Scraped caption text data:

————————

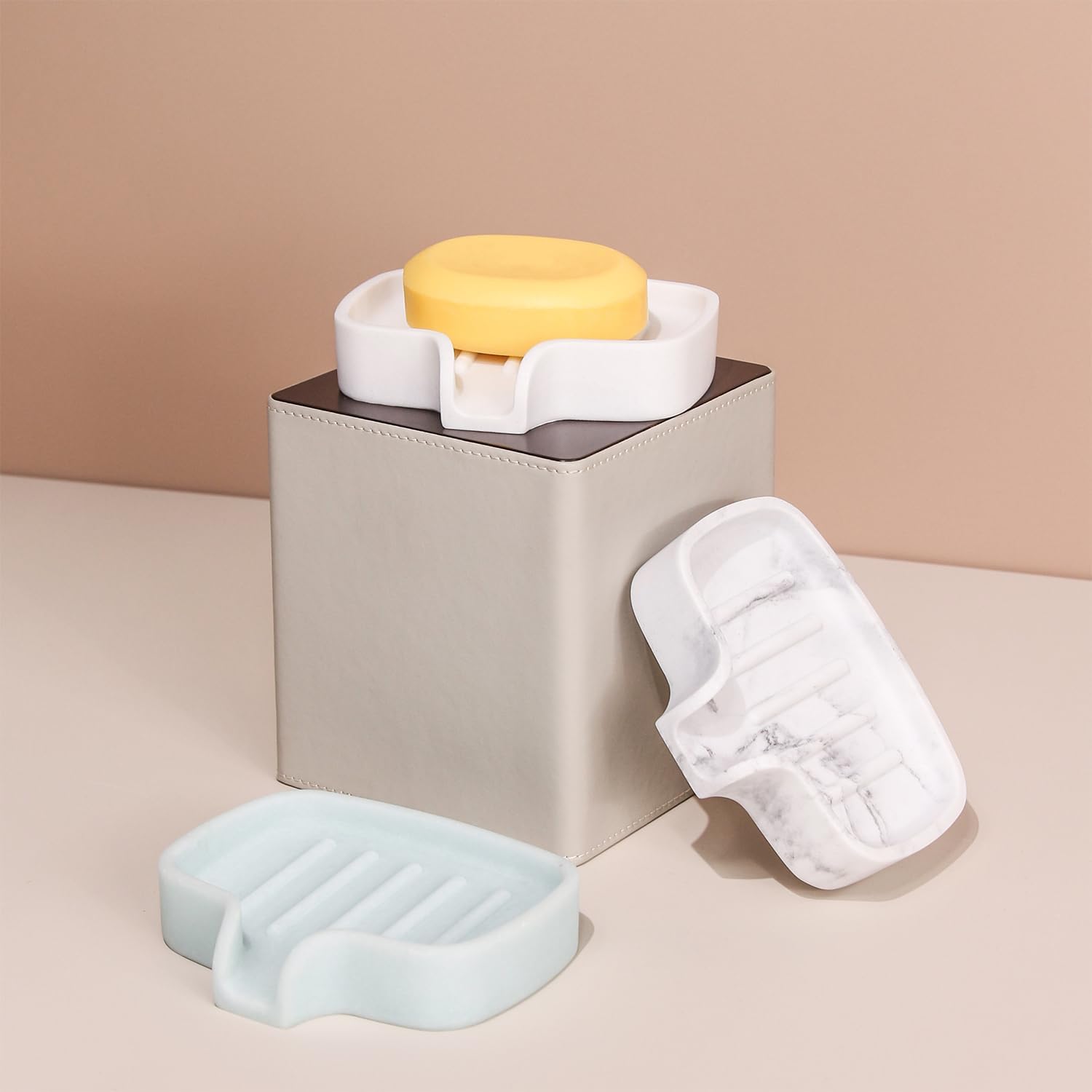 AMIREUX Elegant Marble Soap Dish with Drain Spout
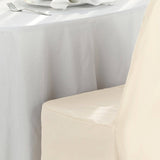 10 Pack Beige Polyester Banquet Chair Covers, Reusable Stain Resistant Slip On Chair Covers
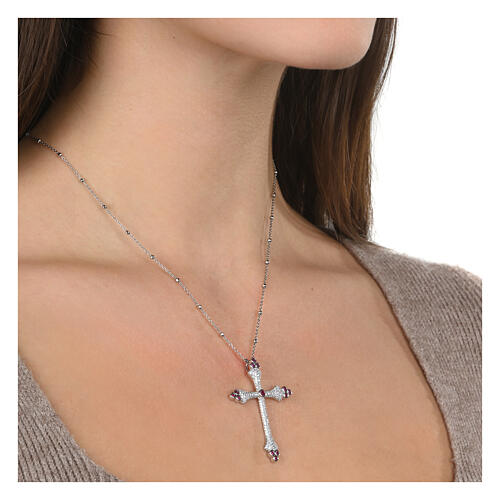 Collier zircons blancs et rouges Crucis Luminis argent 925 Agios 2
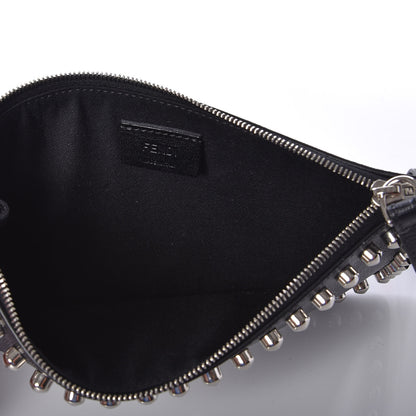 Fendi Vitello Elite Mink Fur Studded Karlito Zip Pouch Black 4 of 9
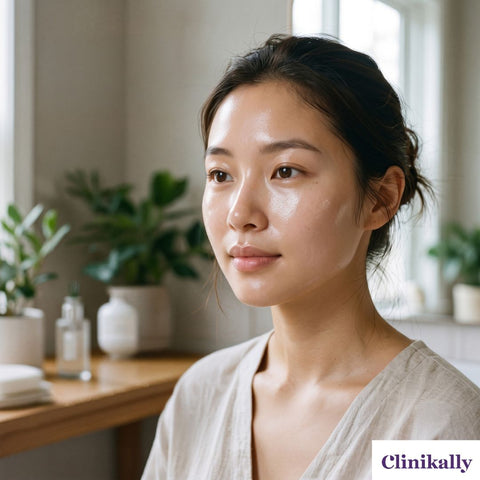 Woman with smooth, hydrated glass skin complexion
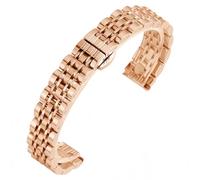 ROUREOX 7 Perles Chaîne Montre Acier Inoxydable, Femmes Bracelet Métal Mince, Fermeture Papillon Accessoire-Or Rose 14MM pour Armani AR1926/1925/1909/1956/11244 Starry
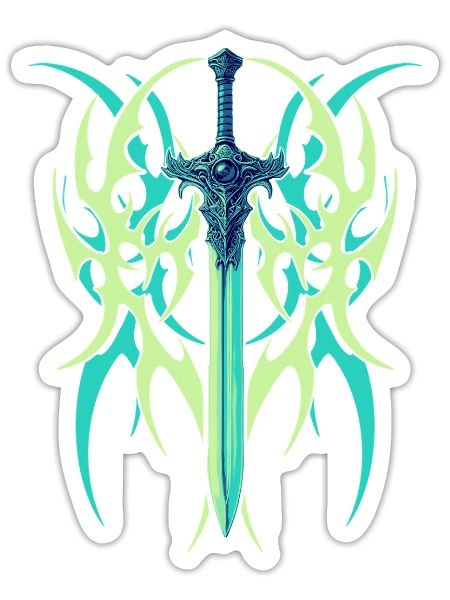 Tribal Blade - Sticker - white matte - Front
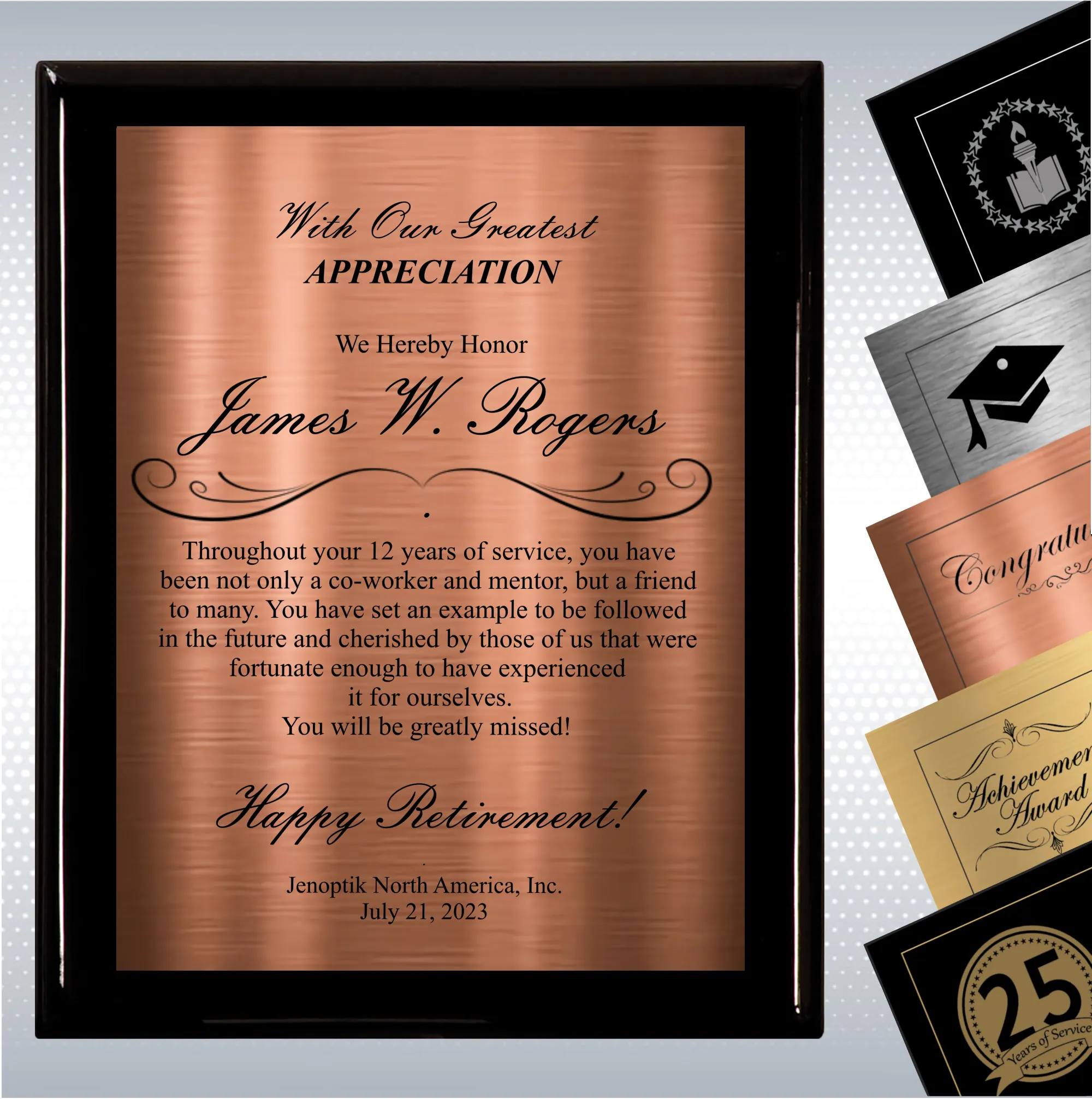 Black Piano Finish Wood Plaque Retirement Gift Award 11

————————

- _Exercise_
Leave out the pictures and return every record word for word.

- _Your response_
 AMIREUX Elegant Marble Soap Dish with Drain Spout
 10 Pack Beige Polyester Banquet Chair Covers, Reusable Stain Resistant Slip On Chair Covers
 Collier zircons blancs et rouges Crucis Luminis argent 925 Agios 2
 Fendi Vitello Elite Mink Fur Studded Karlito Zip Pouch Black 4 of 9
 Woman with smooth, hydrated glass skin complexion
 ROUREOX 7 Perles Chaîne Montre Acier Inoxydable, Femmes Bracelet Métal Mince, Fermeture Papillon Accessoire-Or Rose 14MM pour Armani AR1926/1925/1909/1956/11244 Starry
 Tribal Blade - Sticker - white matte - Front
 Black Piano Finish Wood Plaque Retirement Gift Award 11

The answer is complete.